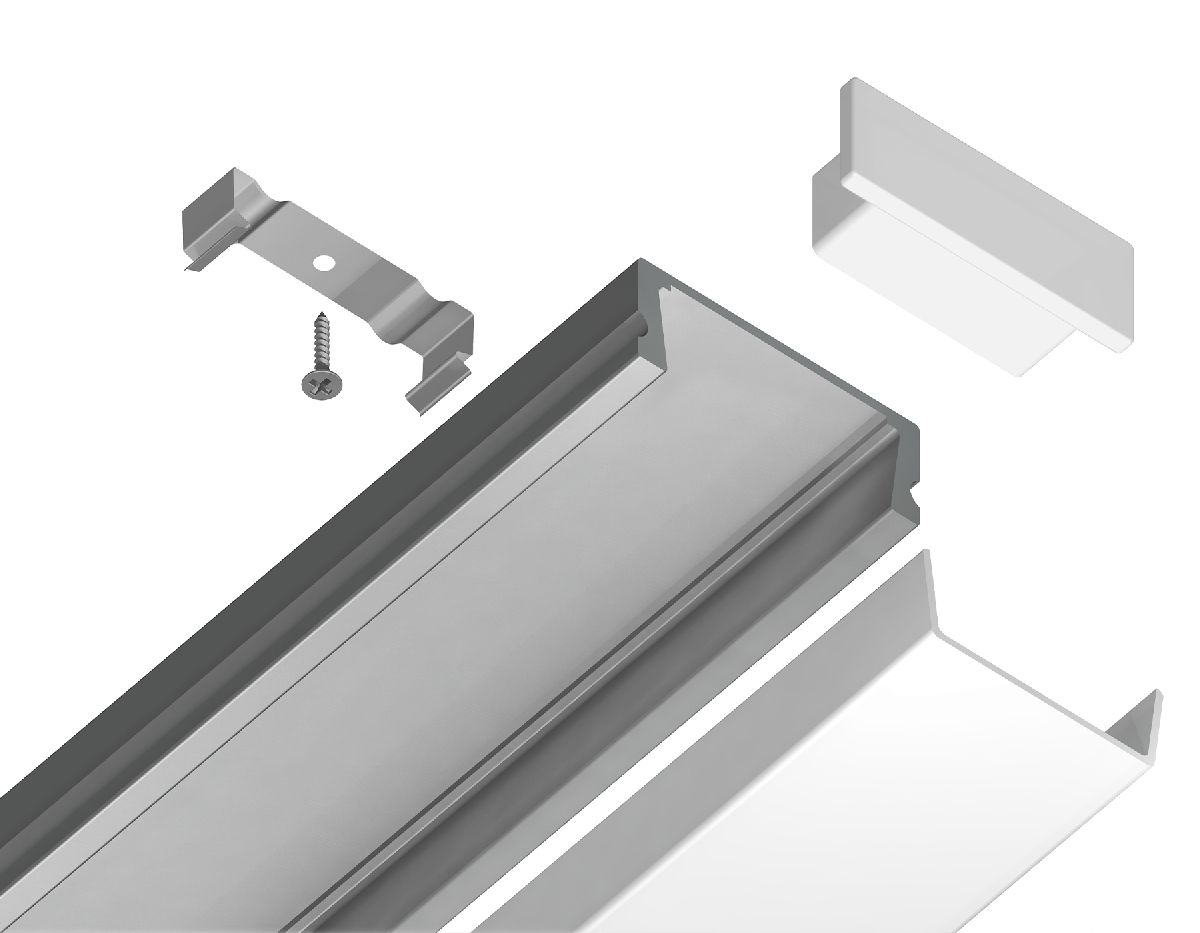 Алюминиевый накладной профиль Ambrella Light Alum Profile GP1700AL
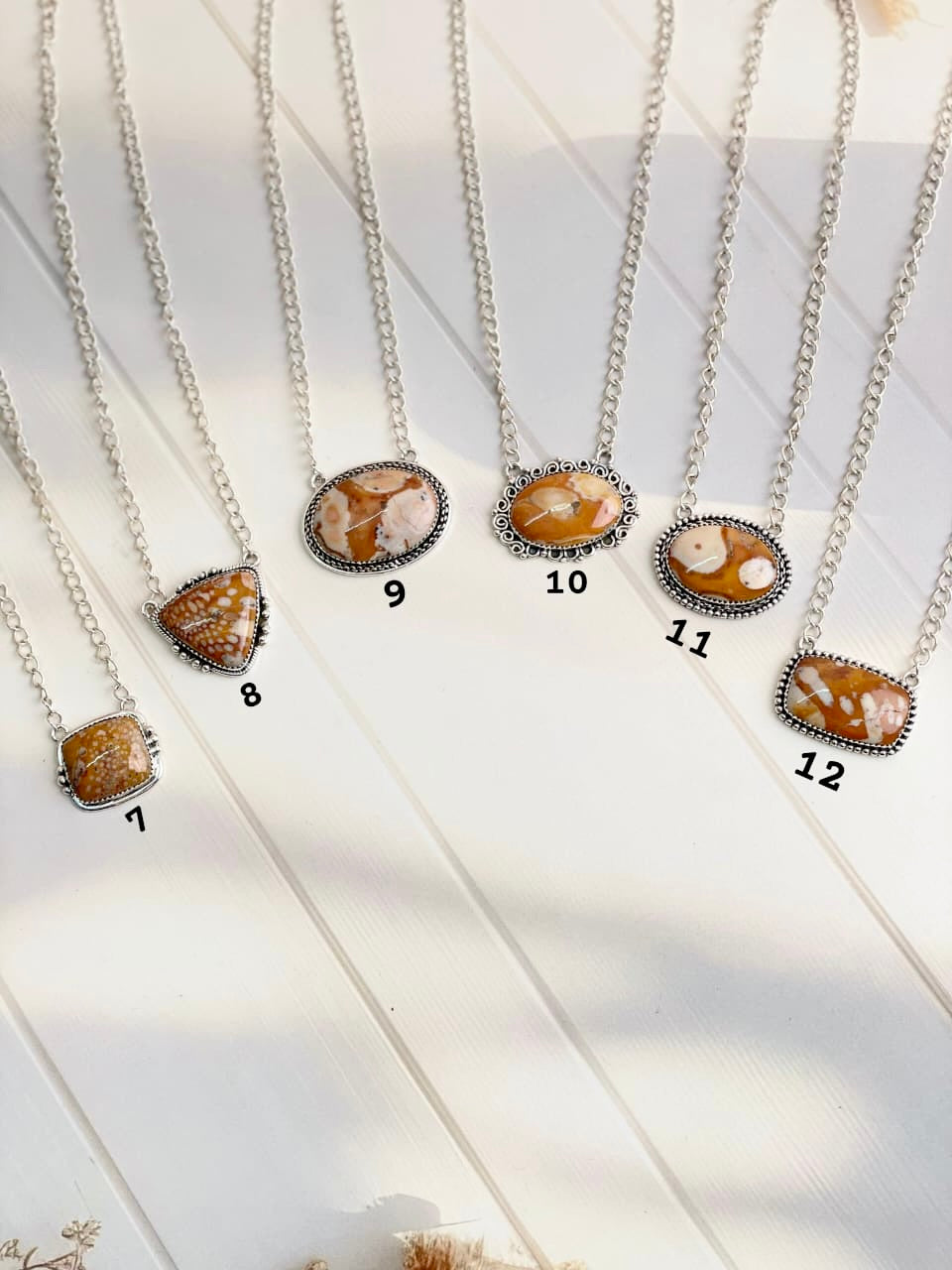 Deer Fawn & Varascite Big Slab Necklaces-Necklaces-Krush Kandy, Women's Online Fashion Boutique Located in Phoenix, Arizona (Scottsdale Area)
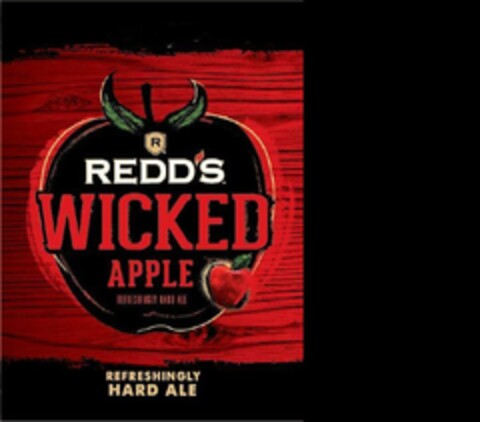 R REDD'S WICKED APPLE REFRESHINGLY HARD ALE REFRESHINGLY HARD ALE Logo (USPTO, 16.11.2015)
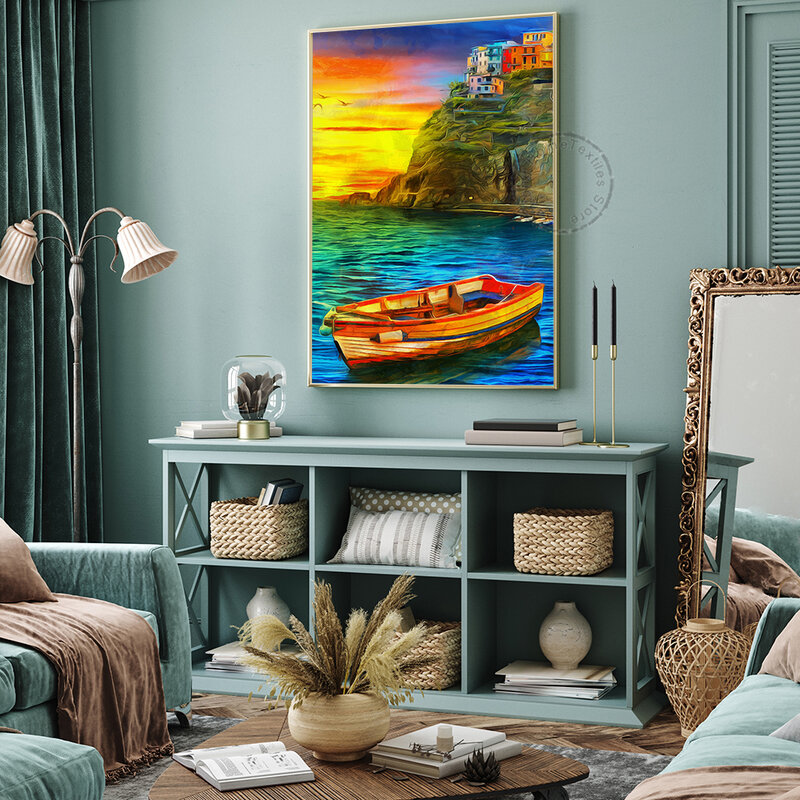 Oil Painting Landscape Canvas Art Paintings For Living Room Bedroom Posters And Prints Wall Poster Home Decor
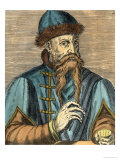 Portrait of Johannes Gutenberg (circa 1400-68) (Later Colouration)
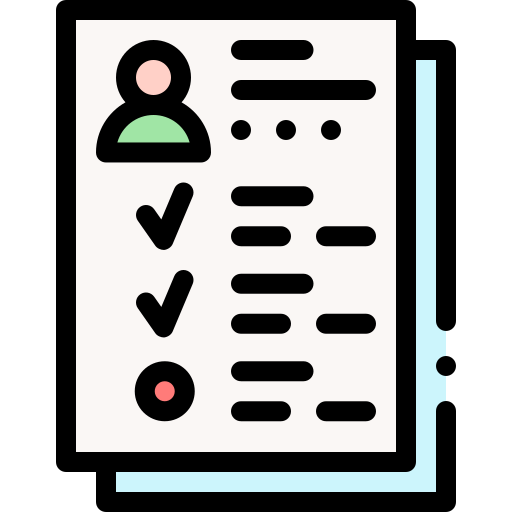 Form Detailed Rounded Lineal color icon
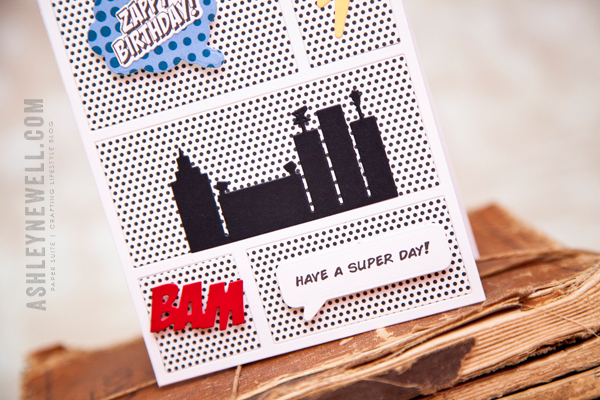 Stamps: Zappy Birthday<br />
<br />
Ink: smokey shadow<br />
<br />
Cardstock: white, pure...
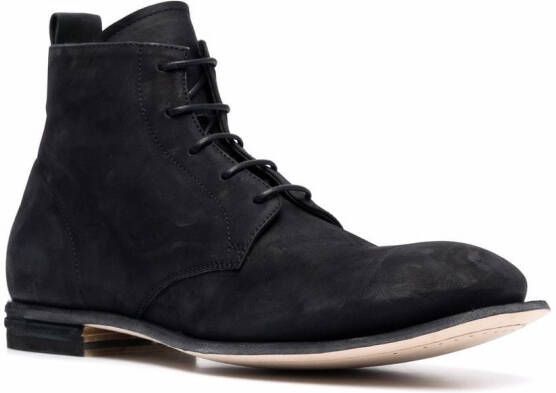 Officine Creative Durga 002 lace-up boots Black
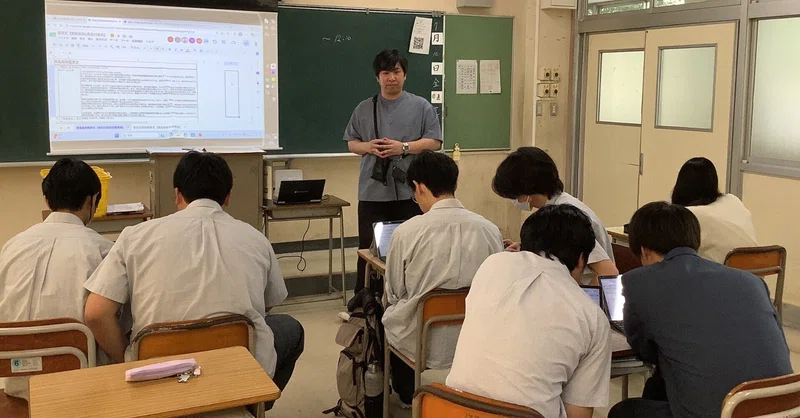 😸【貴志川高校】絵画の魅力を伝えるのはAI？それとも人間？「文学国語」公開授業レポート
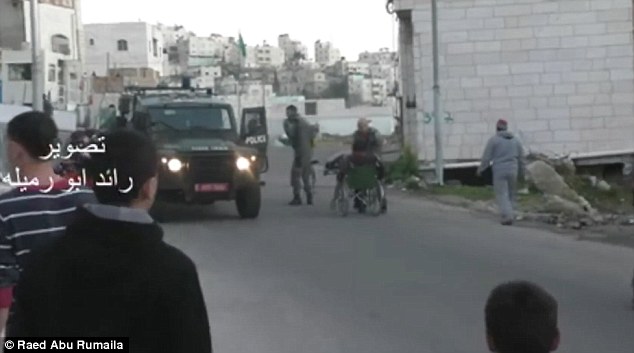 Disabled Palestinian man was knocked out of his wheelchair by Israeli police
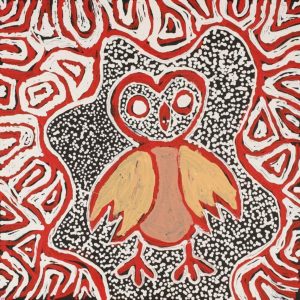 Jarlajirrpi Jukurrpa (Owlet Nightjar Dreaming) by Juliette Nampijinpa Brown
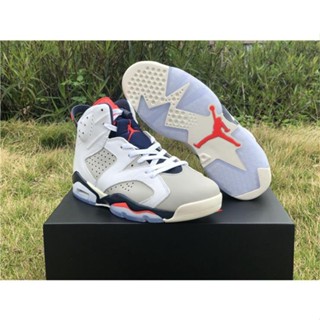 ™₪Air Jordan 6 Tinker เต้าเสียบอินฟราเรด สีเทา 23 เป็นกลาง JDDS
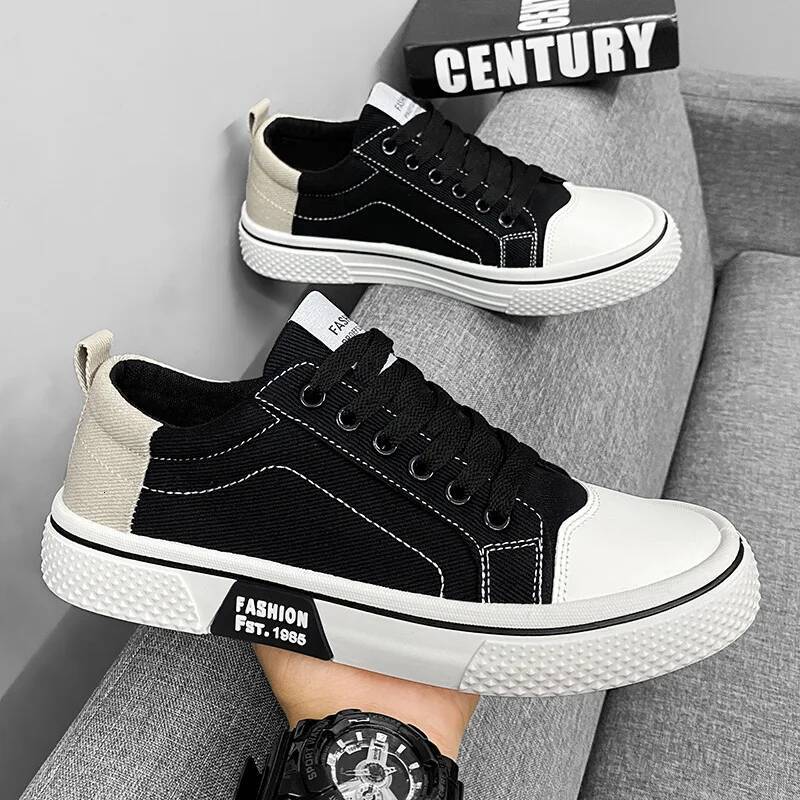 2025 New Korean Men's Canvas Shoes Designer Fashionable and Versatile Low cut Men's Casual Sports Shoes Trendy Hot Selling Casual Shoes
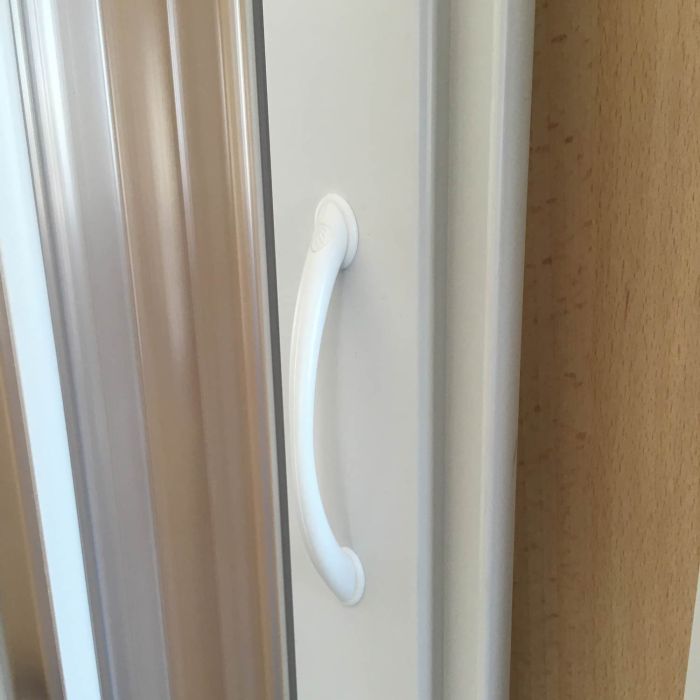 Porta Doccia 160CM H185 PVC mod. Aura Laterale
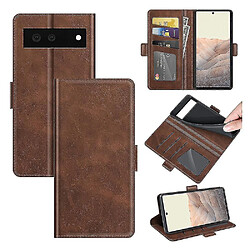 Universal Google Pixel 6 Pro Pu Leather Flip Case avec emplacements de carte / fermeture magnétique / Kickstand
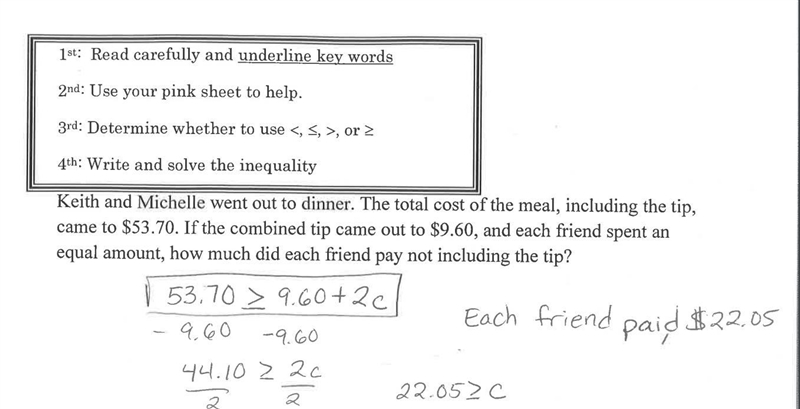 Keith and Michelle went out to dinner. The total cost of the meal, including the tip-example-2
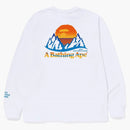 BAPE BAPE MOUNTAIN L/S TEA (FW22) BIANCO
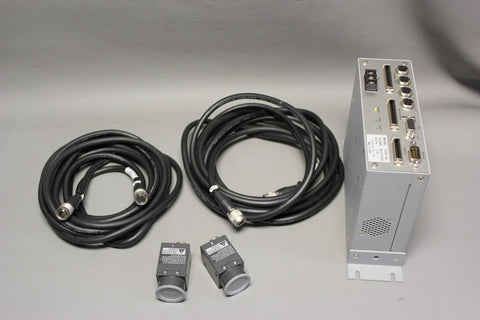 UNUSED NISHIDA MACHINE VISION AUTO ALIGNMENT SYSTEM WITH FLOVEL CAMERAS CSA1-NL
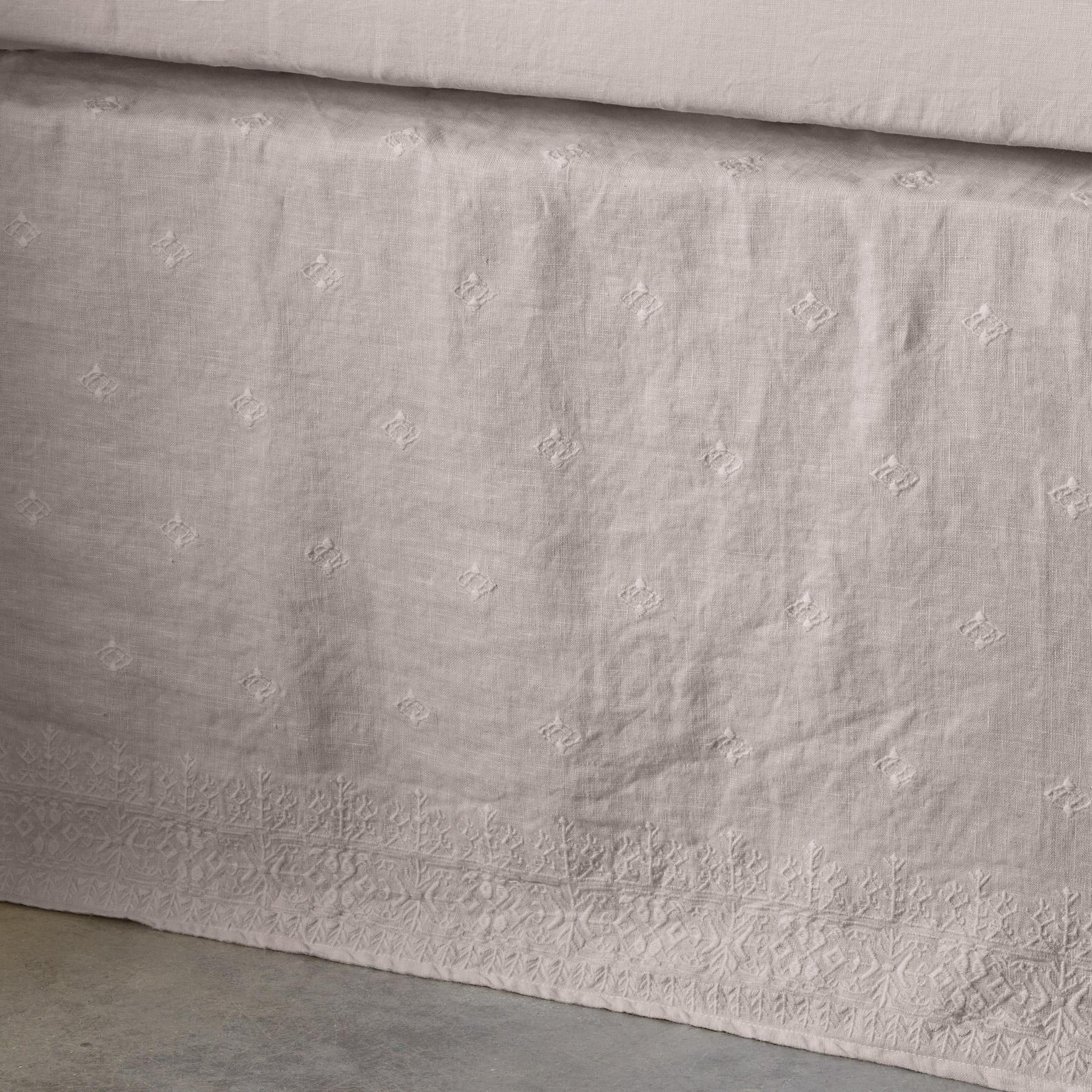 sundance-Gossamer Linen Embroidery Bedskirt-Sundance Outlet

_ _ _ _ _ _ _

▸ **What needs to be done**
Your answer must be an exact copy of the lines from the one with "23 เป็นกลาง JDDS" through the final line of the data, both included, without any pictures.

▸ **Answer below**
 ™₪Air Jordan 6 Tinker เต้าเสียบอินฟราเรด สีเทา 23 เป็นกลาง JDDS
 2025 New Korean Men's Canvas Shoes Designer Fashionable and Versatile Low cut Men's Casual Sports Shoes Trendy Hot Selling Casual Shoes
 Porta Doccia 160CM H185 PVC mod. Aura Laterale
 Universal Google Pixel 6 Pro Pu Leather Flip Case avec emplacements de carte / fermeture magnétique / Kickstand
 Keith and Michelle went out to dinner. The total cost of the meal, including the tip-example-2
 BAPE BAPE MOUNTAIN L/S TEA (FW22) BIANCO
 UNUSED NISHIDA MACHINE VISION AUTO ALIGNMENT SYSTEM WITH FLOVEL CAMERAS CSA1-NL
 sundance-Gossamer Linen Embroidery Bedskirt-Sundance Outlet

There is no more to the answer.